I have spent a great portion of the past 8 years reading, but not writing. Mike recently started an email salon, whose current topic is orbiting around what Bill Readings has referred to as The University in Ruins. One of the many problems with our system of higher education is that it leaves so many of its graduates still unable to express themselves about anything but a sliver of their own opinion, and often that opinion is attached to a topic about which most people know nothing – and care for only a little bit less.
In my case, despite a ‘minor’ and two years of something else, 120% of the credits I was supposed to earn has left me most capable of telling you how one might prove that Kepler’s formulas describing the elliptical orbit of bodies around a gravitational centre (not quite true when there’s more than two bodies) can be derived from Newton’s simple formulas describing the scale of the force exerted by gravity (less true near the speed of light). Yet I am far less able to express even the most basic of half-truths I have been gathering about the desperation of human life or the dizziness of our relations to one another from magazines, blogs, films, books, or best yet, the overflowing of conversation that have each in their share soaked up my ‘spare’ moments for the past 8 years.
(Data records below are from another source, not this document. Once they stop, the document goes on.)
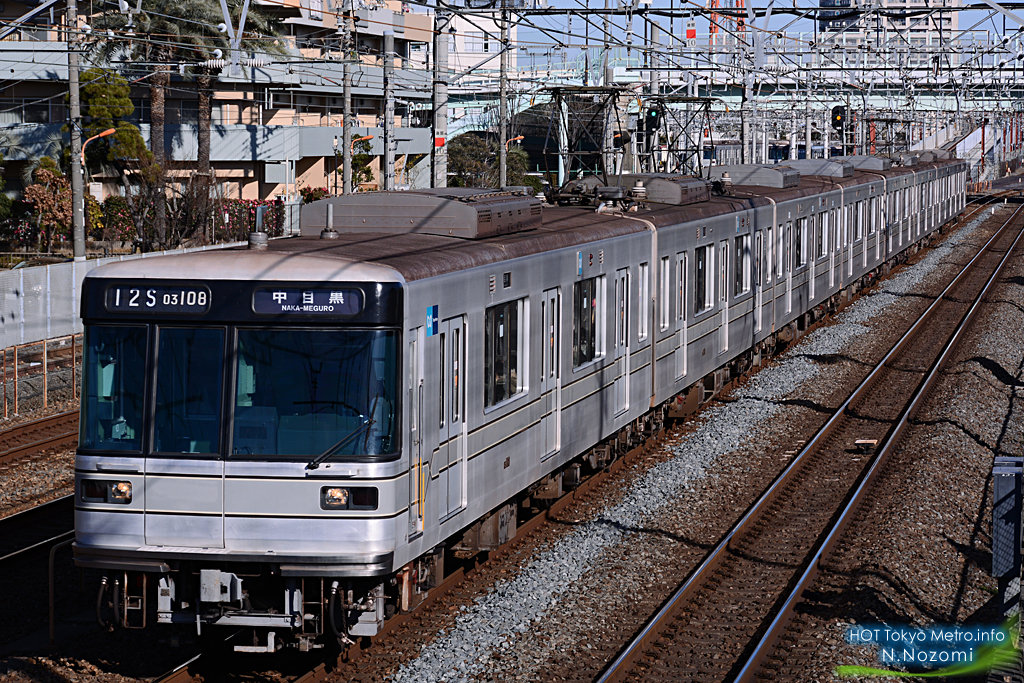 冬のギラギラ光線を浴びる日比直車両を撮影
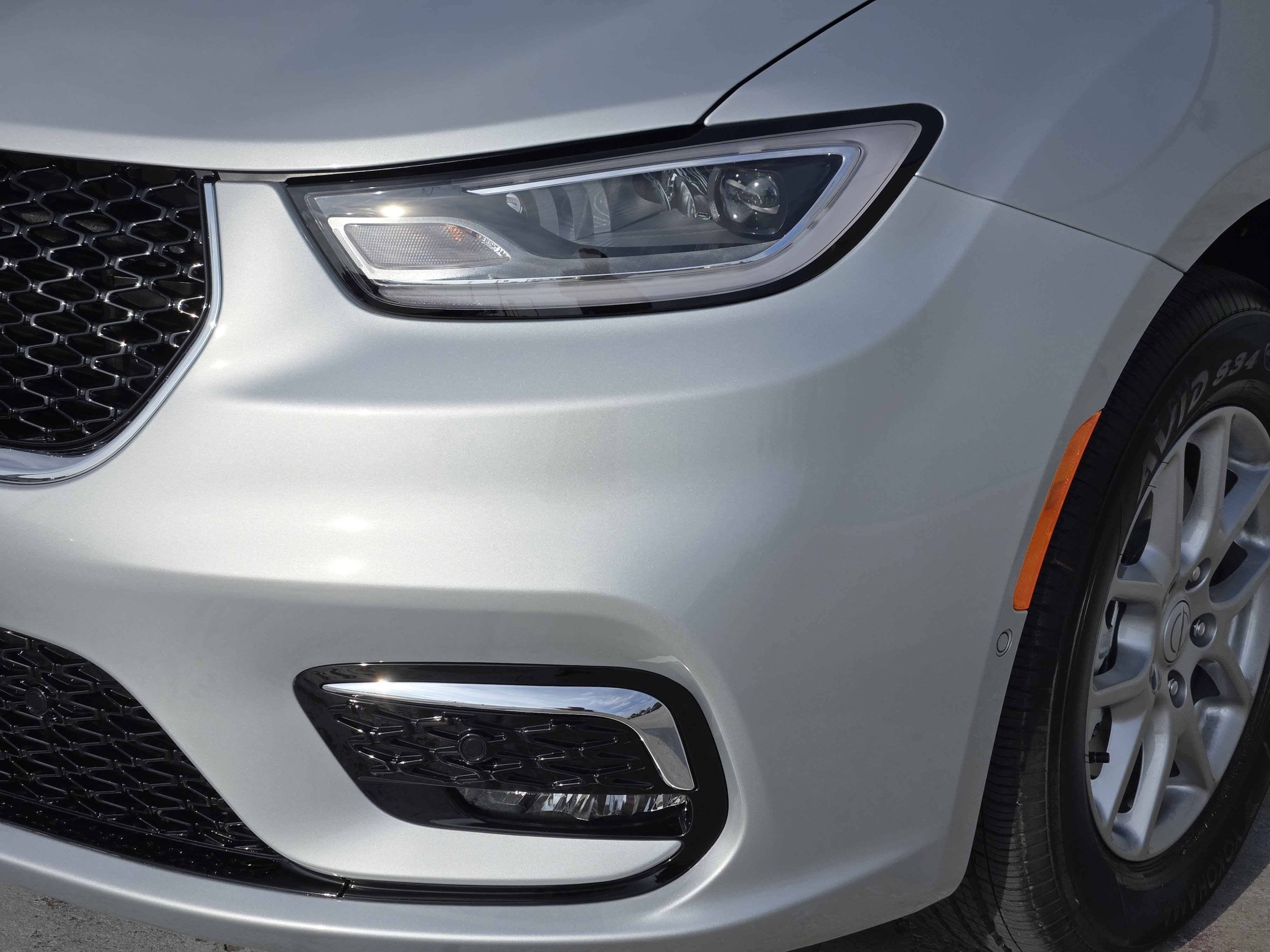 New 2026 Chrysler Pacifica Select image 6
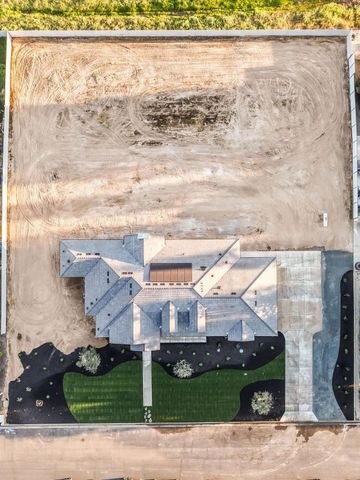 35242 Mustang Lane, Madera, CA 93636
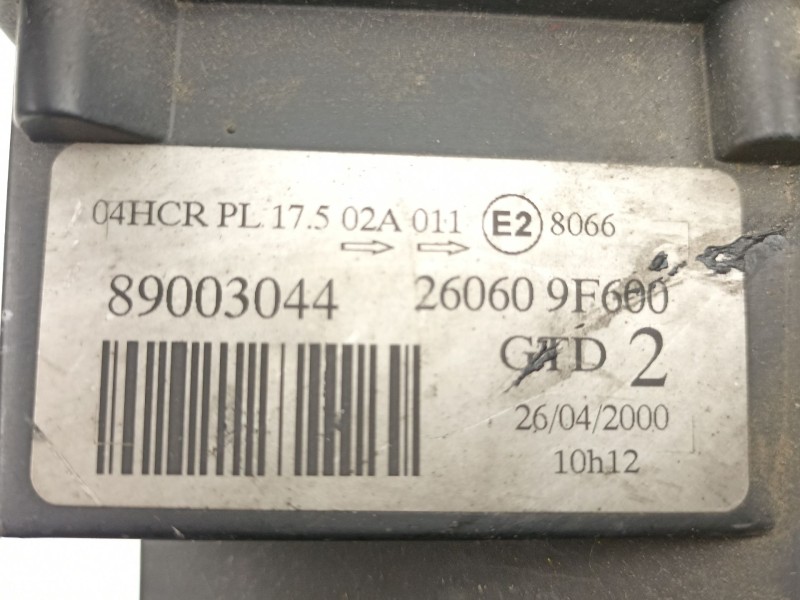 Recambio de faro izquierdo para nissan primera 2.0 td referencia OEM IAM 260609F600 89003044 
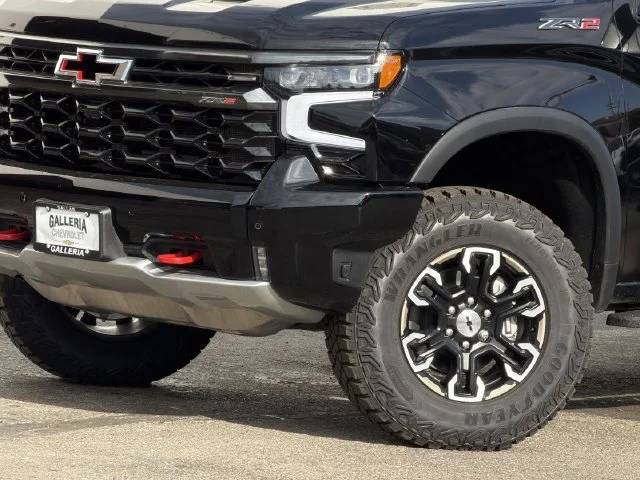 2026 Chevrolet Silverado 1500 ZR2 - Photo 7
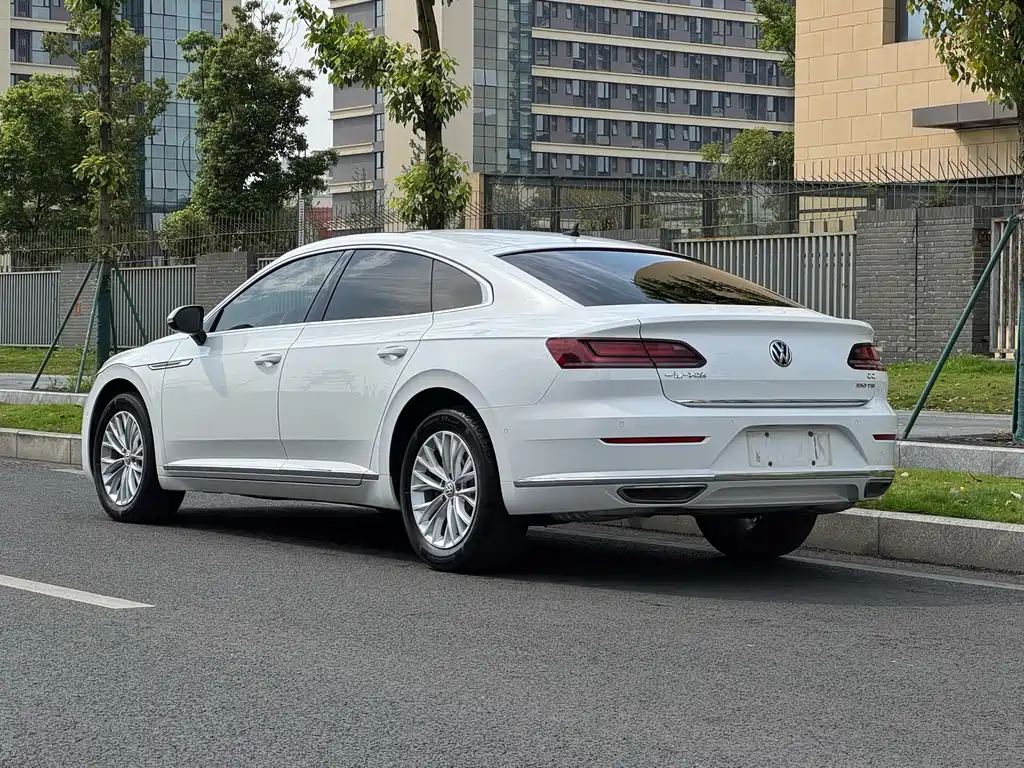 FAW-Volkswagen CC 2019 330TSI Charming Edition National VI купить на сайте DeffCars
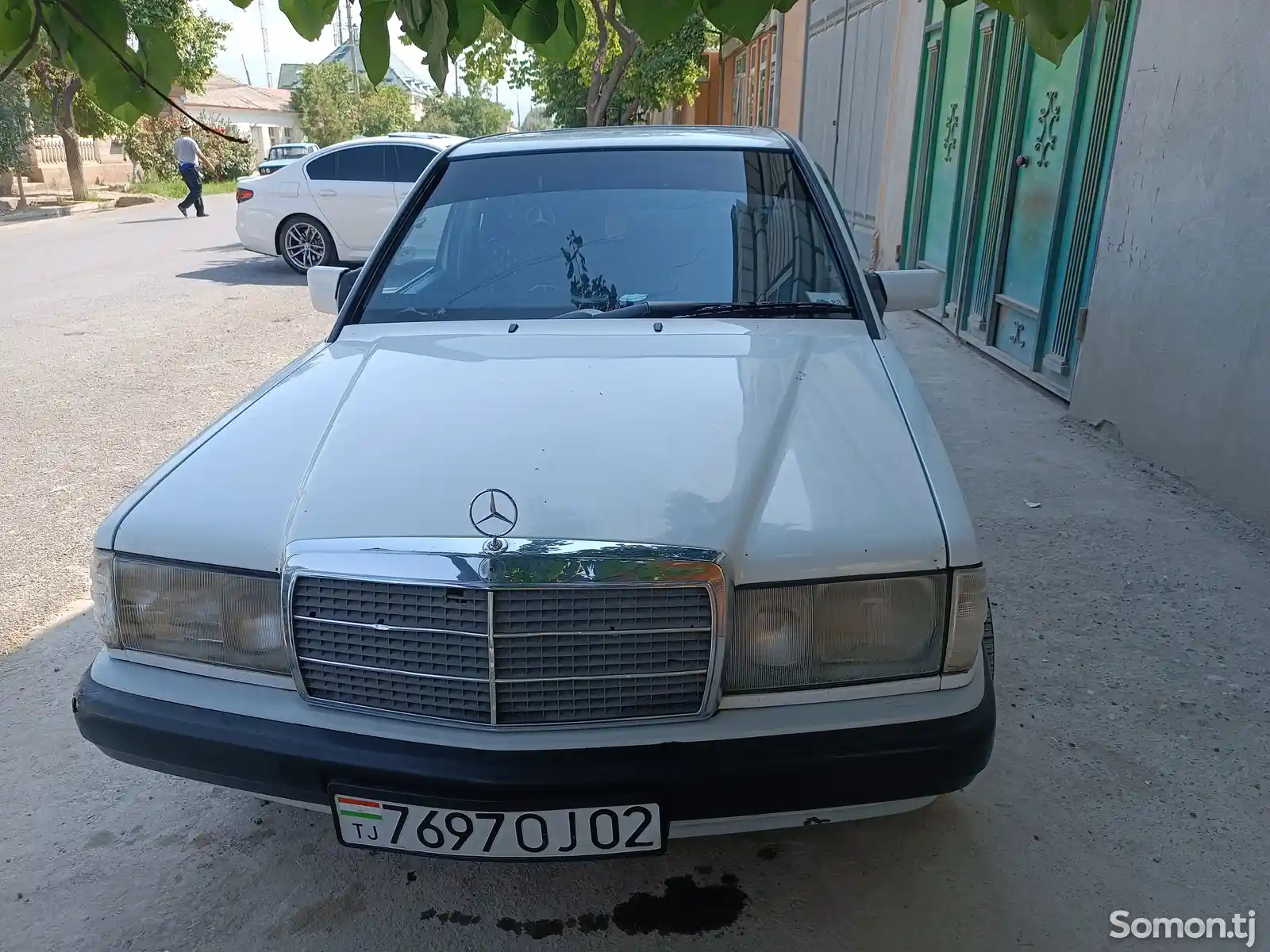 Mercedes-Benz W201, 1990-1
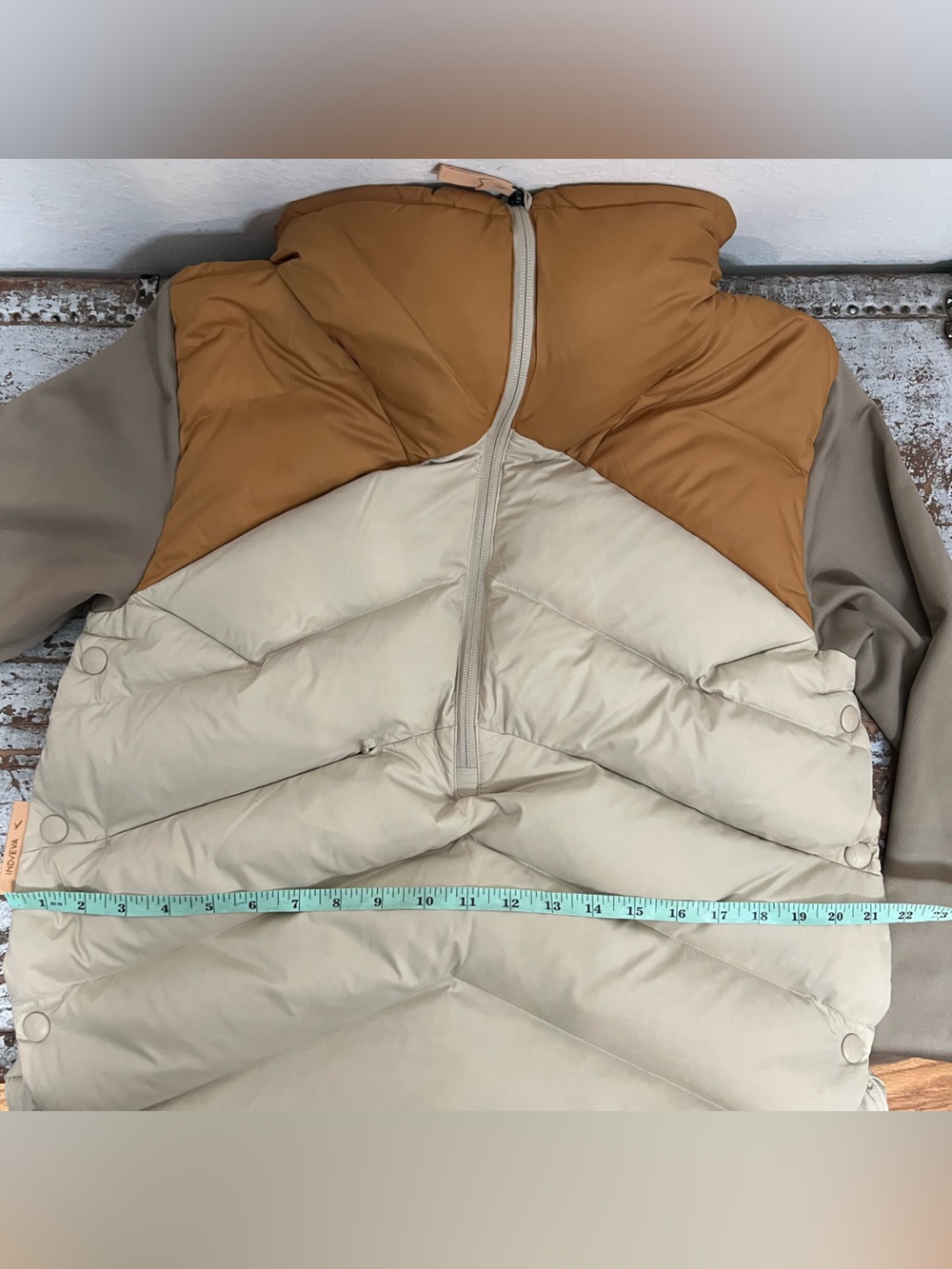 Indyeva Huvila Pullover Puffer Jacket - Picture 14 of 16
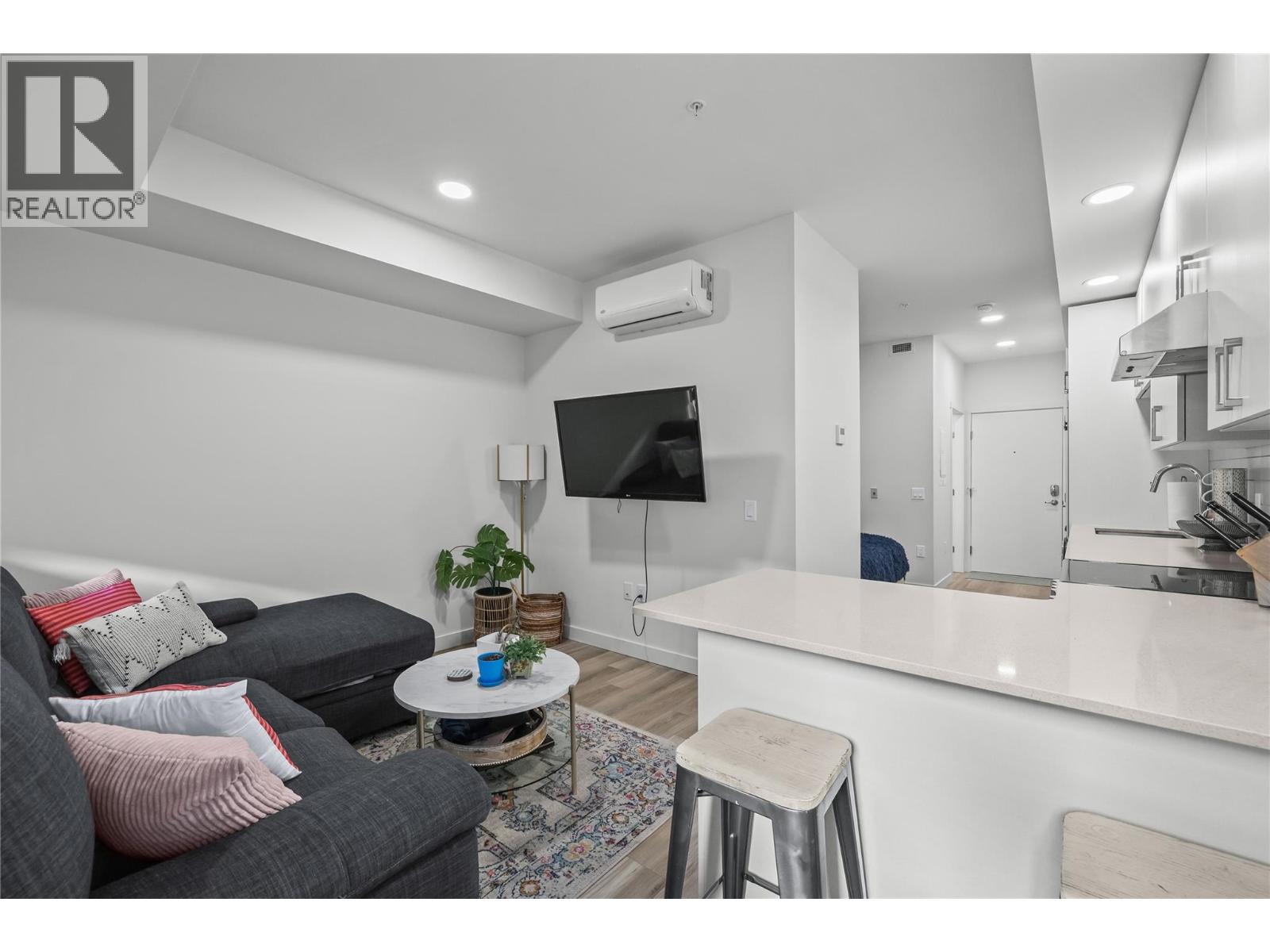 1057 Frost Road Unit# 204, Kelowna, British Columbia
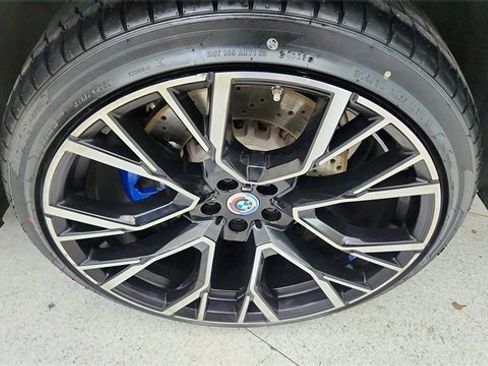 Used 2023 BMW X6 M Base image 60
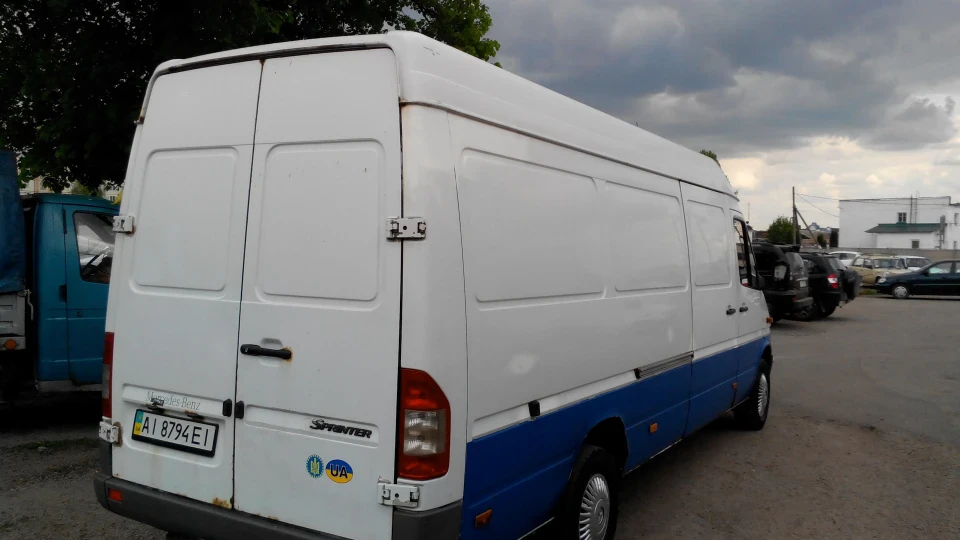 Mercedes-Benz Sprinter 2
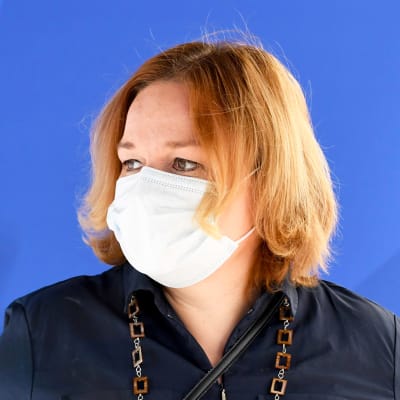 Familje- och omsorgsminister Krista Kiuru med munskydd. 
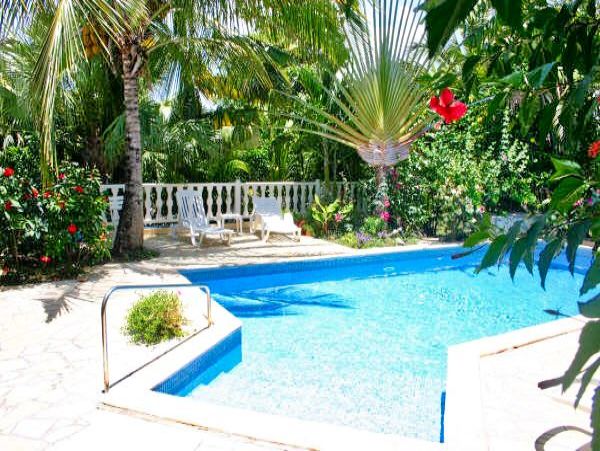 Guadeloupe Home 959289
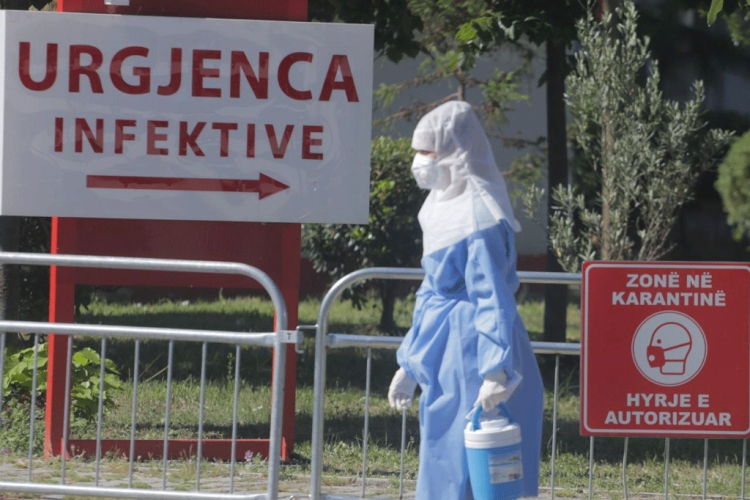 Vazhdojnë shifrat e larta: 7 jetë të humbura dhe 490 të infektuar brenda 24 orëve në Shqipëri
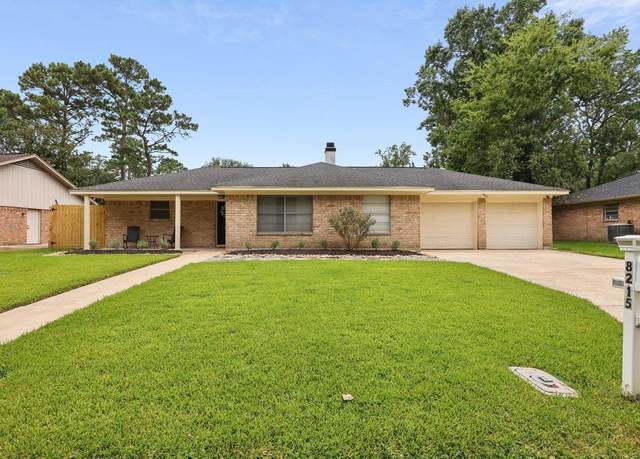 Property at 8215 Shiloh Dr, Beaumont, TX 77706, 3 beds, 2 baths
So, here it is. The first shot over the bow of a planned 109 600 words. I have given myself three years at 100 words a day to learn how to half-express myself in digital ink. To become a writer who, at least when not travelling near the speed of light, hits somewhere near the truth. To shorten, sharpen, and swing a little more in my words, while I aim for sweet, sensible expression, out here among the multitude of bodies.
If I don’t trip up, I’ll try and stumble on something worth talking about, too.